Opcodes and Operands

Opcodes or operation codes are identifiers to the instructions that the virtual machine must execute. Almost all opcodes have side effects ranging from variable modification to behavioral changes. They often carry some payload called operand which can serve either as input or output.

Clever VM opcodes are allowed to have at most three operands, these must inform the VM from where or to where the data must go. The possible locations of the data are either the tmpdata stack or some Value*. One special case is for operands that contain only a single signed integer (defined by the rules of the ssize_t C type), which ought to be used as offsets, length indication and similar things.

Opcodes also contain function pointers to their respective handlers, these receive the current opcode and a pointer to the current program counter. The handlers are responsible for the "interpretation" of the opcode. The program counter pointer should only be modified if the handler wants for the VM to jump to some position on the opcode stream.

Simplified implementation proposal:

typedef void (*OpcodeHandler)(Opcode&, size_t*);

enum OperandType {
        OPERAND_NONE   = 0x00
        OPERAND_VALUE  = 0x01,
        OPERAND_NUMBER = 0x02,
        OPERAND_STACK  = 0x03
};

struct Operand {
        OperandType type;
        union {
                Value*  value;
                ssize_t number;
        } data;
};

enum OpcodeType {
        OP_NOP = 0x00,
        /* ... */
};

const size_t OpcodeMaxOperands = 3;

struct Opcode {
        OpcodeType    type;
        OpcodeHandler handler;
        Operand       operands[OpcodeMaxOperands];
};

Arithmetic

Opcode Operands Description
add out a b out = a + b
sub out a b out a - b
mul out a b out = a * b
div out a b out = a / b
mod out a b out = a % b
shr out a b out = a << b
shl out a b out = a >> b

Bitwise

Opcode Operands Description
bwor out a b out = a | b
bwand out a b out = a & b
bwxor out a b out = a ^ b
bwnot out a out = -a

Logical

Most of these are not used for conditionals but for inline code like a = b == c.

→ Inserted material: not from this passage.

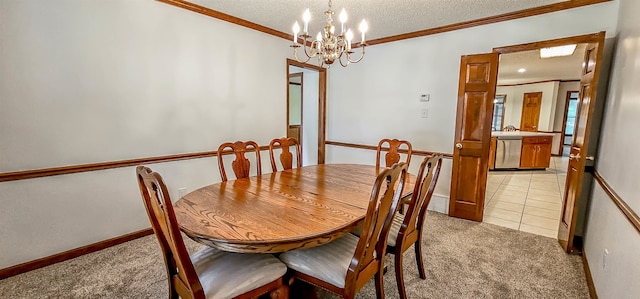 dining area featuring light carpet, crown molding, a textured ceiling, and an inviting chandelier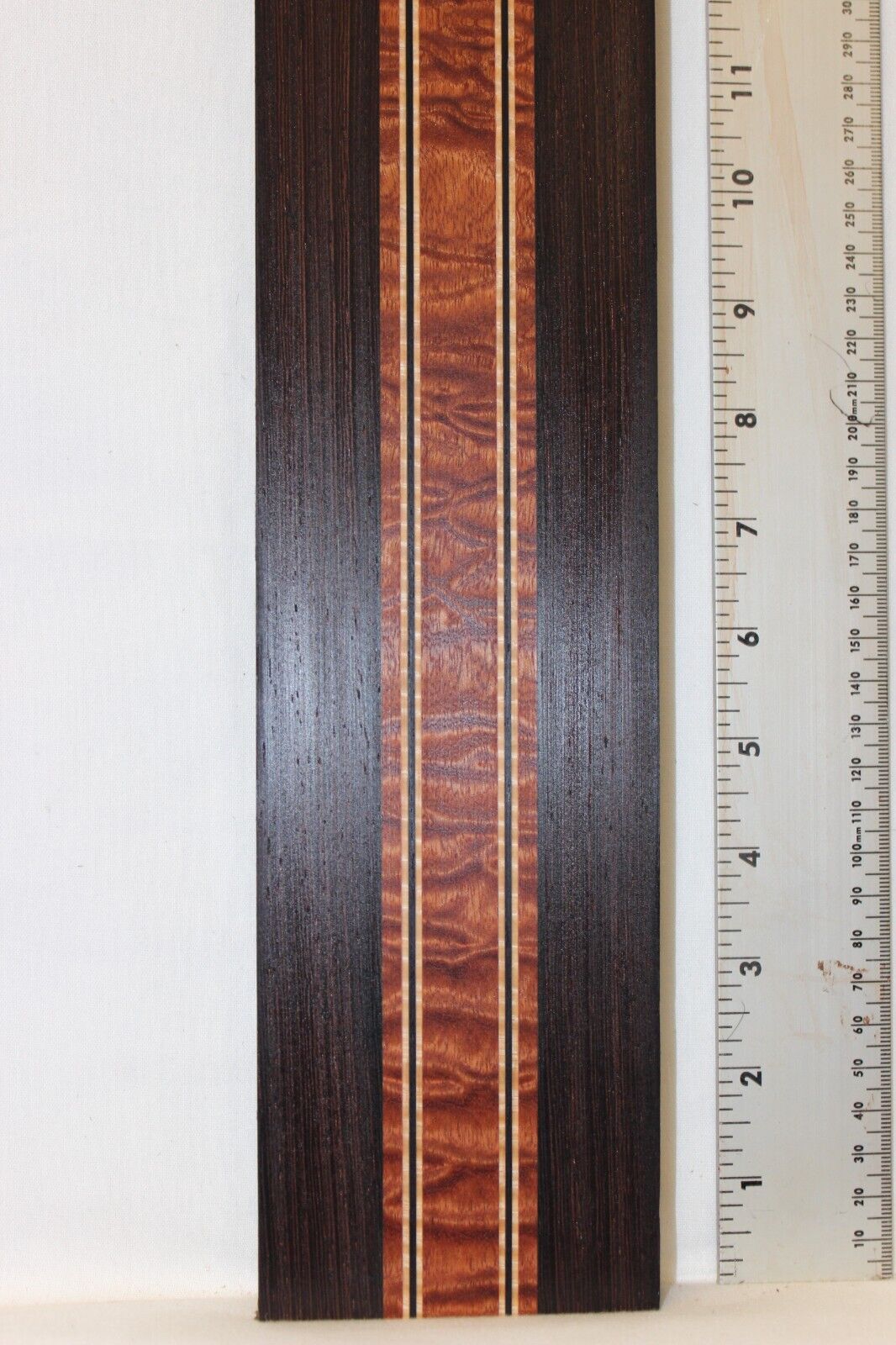 Quilted sapele, wenge and flame maple laminated guitar neck blank.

Opcode Operands Description
or out a b out = a || b
and out a b out = a && b
not out a out = !a
eq out a b out = a == b
neq out a b out = a != b
lt out a b out = a < b
gt out a b out = a > b
le out a b out = a <= b
ge out a b out = a >= b

Variable handling

Opcode Operands Description
assign a b a = b
load a (not decided)
store a (not decided)

Control flow

Opcode Operands Description
jmp off jumps to off
jmpnz off, a jumps to off if a is not 0
jmpz off, a jumps to off if a is 0
fcall a args pushes the current address and calls a and passes args
mcall a args same as fcall, but for methods.
ret a pushes a into the stack and returns to the caller
break ? ?
continue ? ?

Misc

Opcode Operands Description
nop   do nothing
discard n discards the top n values from the stack

Calling convention (Internal)

Sample compilation (needs to be updated)

Listing #1:

if (a || b) {
        d = c(a);
}
e = f;

Compiles to:

0: or a, b          # a || b
1: jmpz 4, (stack)  # leave the if
2: fcall c, [a]     # c(a)
3: store d          # d = (return from c(a))
4: assign e, f      # e = f

Or:

0: jmpz 4, a
1: jmpz 4, b
2: fcall c, [a]
3: store d
4: assign e, f

Listing #2:

Int a = 30;

Compiles to:

0: assign a 30  # see questions

Listing #4:

a = f() + 10;

Compiles to:

0: fcall f, []      # return value on the stack
1: add (stack), a   # stack.pop() + a
2: store a          # a = stack.pop()

Listing #5:

f(); /* returns something */

Compiles to:

0: fcall f, []  # calls f
1: discard 1   # discards return value

Questions

  • How should the compiler/virtual machine handle variable declaration?
  • What about constructors?
  • Should a copy (shallow, perhaps?) happen when a value is pushed into the stack?
  • Should we set up a "value pool" to draw values from and use relative/absolute offsets/addresses instead of value pointers on the opcodes?